No quería comprar de esos audífonos truchos, sheretos, chambones de a 2 dólares. Pero tampoco de esos Beats By Dre de a 499.99. Quería algo conservador, de a 15, más o menos.

Antes de clases pasé por una tienda coreana por Bryant Park. “No headphones, only speakers,” me dijo un tipo malhumorado.

Me topé con una tienda SONY cerca de Grand Central, pero solo habían aparatejos luminosos con botones led, hechos con fibra de cobre y que predicen el futuro por un módico precio de ‘un ojo de la cara, más taxes’.

Al rato encontré de esas tiendas de electrodomésticos que abundan por Midtown. Donde hay de todo, desde viejos Gamecubes hasta la más reciente cámara Canon.

“What do you want?” me dijo uno de los cajeros, era alto, de espalda amplia y piel rosada, no pálido, rosado como irlandés asoleado. “¿Qué quiere?” dijo con esa rasposa cordialidad neoyorquina.

“Audífonos.”

“¿Qué tipo? ¿De pastilla, diadema, grandes, pequeños, caros, baratos?” dijo. “Cheap? Cheaper? The Cheapest?”

“De pastilla, 20 dollars tops,” le dije y el tipo desapareció detrás de una pared.

La tienda estaba ordenada con la precisión de un juego de Tetris. Cada pared, estantería, vitrina, cajón y mesa tenía decenas de aparatos. Habían letreros que prometían el brand new iPhone7 más barato que cualquier otro lugar, USB’s con juegos de PS2, juegos usados de PS3, juegos nuevos de PS4. Camisetas de Feel the Bern! que anticipaban las elecciones primarias en Nueva York. Alguna canción de Rihanna sonaba en las bocinas.

El estar en medio de esa escultura tecnológica –casi steampunkesca, me recordó a la Sexta, a la antigua Sexta. A la Sexta antes de ser El Paseo La Sexta. Me recordó a cuando los vendedores estaban montados sobre las banquetas. Me recordó a aquellas tiendas informales que vendían relojes-calculadoras, Polistations e aquellos infames lasers de bolsillo con cabezas intercambiables.

De esa Sexta renegada y anárquica quedan el McDonald’s entre 10 y 11 calle al que íbamos seguido con mis papás, el Hotel Engel, Pollo Brujo, Los Capitol y algunas otras reliquias noventeras del Centro Histórico.
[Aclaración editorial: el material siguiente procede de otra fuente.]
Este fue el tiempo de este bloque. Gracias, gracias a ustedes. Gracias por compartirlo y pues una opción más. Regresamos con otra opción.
Esa Sexta era sucia –o más sucia-, desordenada, peligrosa –a veces. Un par de veces bolsearon a mi papá “ahí me quieren mucho,” bromeaba luego que una vez un ladrón lo abrazó por detrás mientras lo amenazaba. Siempre que íbamos mi hermana y yo, él nos llevaba de la mano.

Una de las pocas veces que fui con mi mamá entramos a los Capitol, en alguno de los niveles del centro comercial vimos un pequeño estante con juegos de Super Nintendo. Usados pero baratos decía el letrero.

“Mirá, mama.”

“No sé, m’ijo, capaz no sirven,” me respondió, pero el muchacho ofreció probarlos en la pequeña pantalla que tenía enfrente.
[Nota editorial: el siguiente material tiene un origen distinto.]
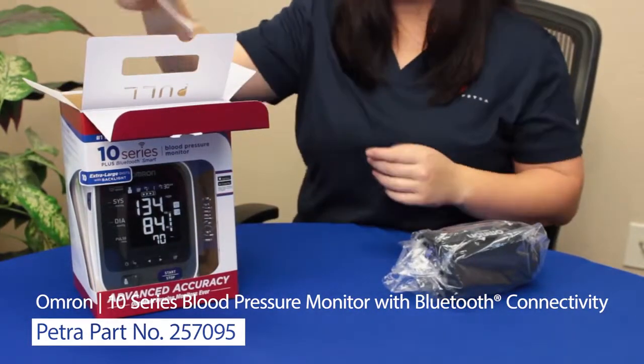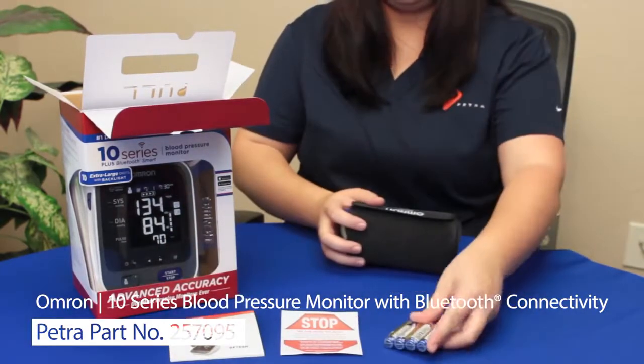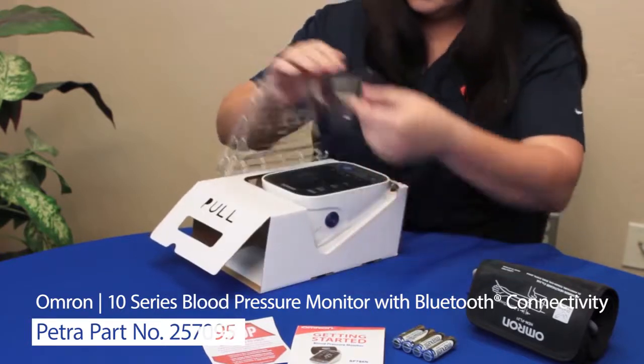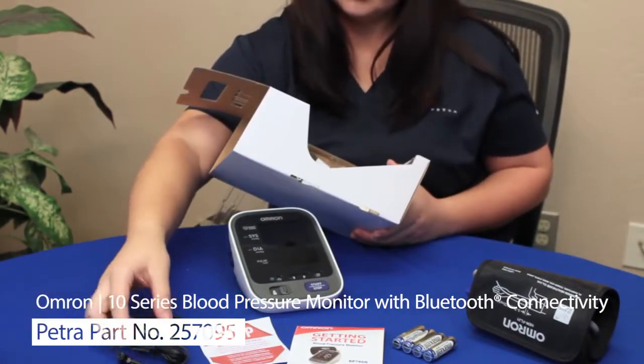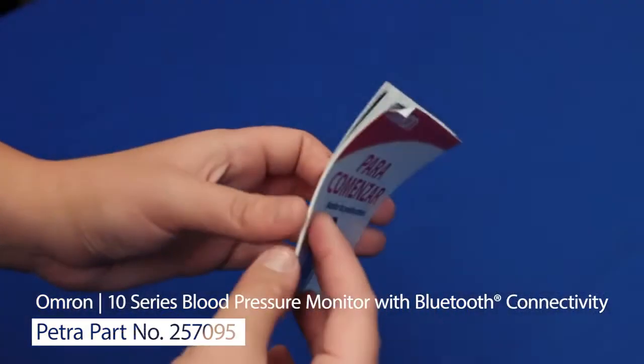The way everything is packaged inside the box is just as consumer-friendly as the outside. Opening the top reveals the rolled-up cuff and the quick start guide. Inside the cuff are the batteries. The middle part opens from the side and contains the monitor — notice how the bottom is flat but the face is angled for ease of use.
Por 100 quetzales, más o menos, nos llevamos Donkey Kong Country, el juego de los Animaniacs y uno de boxeo. Los tuve por poco más de dos días.

En esa época mi papá trabajaba en tribunales y había supervisado varios cateos de tiendas ilegales, algunos en la Sexta. Mi papá, al ver esos juegos y tras identificar su dudosa procedencia los tiró a la basura.
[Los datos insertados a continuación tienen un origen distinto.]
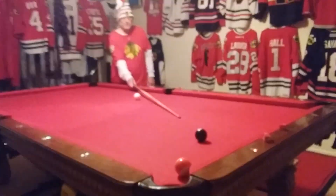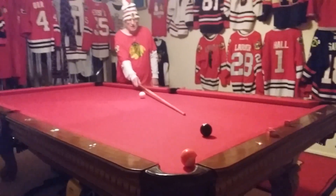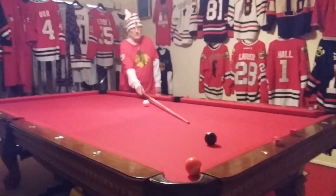This is called my intimidating the eight ball shot. Your opponent thinks they got you blocked. Well, they do, but they don't.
¿Serán robados los audífonos? pensé cuando la campana de la tienda sonó. Por sobre el tintineo que anunciaba el ingreso de un nuevo cliente entró la orquesta urbana de la 39th Street: buses, camiones y algún bucket drummer.

“¡Valeria, linda! How you’ve been? ¿Todo bien?” le dijo uno de los cajeros a la señora que acababa de entrar a la tienda.

“Todo bien,” respondió ella y se quitó el chal que le apretaba el cuello.

“The usual?” le preguntó el cajero, ella asintió.

Al rato llegó el muchacho que me había atendido. Desplegó en la mesa varios audífonos, todos en su empaque de plástico.

“Can I try them?” le dije. “¿Los puedo probar?”

“No todos,” me respondió y buscó aquellos que podía abrir sin dañar la caja. Me entregó tres pares.

Saqué de mi bolsa mi iPod Classic, ese que me lleva acompañando varios años ya, de esos que cuando la gente lo ve me dicen “cuidalo”, de esos de 80 GB, de esos que le caben toda la discografía de Tom Waits, con todo y B-Sides.

Probé los audífonos, escogí unos blancos y pagué con un billete de veinte dólares.

“¿Lo vendes?” me preguntó Valeria, la señora que había entrado unos minutos antes.

“What? ¿Qué?” le dije, así, sacudiéndome el inglés de encima.

“El iPod, ¿lo vendes?”

“Em, no. ¿Por qué?”

Valeria tenía una mirada cálida, amable, simpática. Pude ver detrás de la sutil invasión de sus arrugas cierta picardía, un sazón chusco y ocurrente.

“We only got four, solo cuatro,” le dijo el vendedor a Valeria y puso sobre el mostrador cuatro iPods Classic, como el mío, nuevos pero de doble capacidad.

Sabía que Apple había descontinuado ese modelo en el 2015 pero sonreí al saber que, si en todo caso perdiera el mío, podía encontrar un reemplazo en pleno Times Square.

“Me los llevo,” dijo Valeria y le entregó una tarjeta dorada. “Y entonces,” me volteó a ver, ¿no lo vendes?”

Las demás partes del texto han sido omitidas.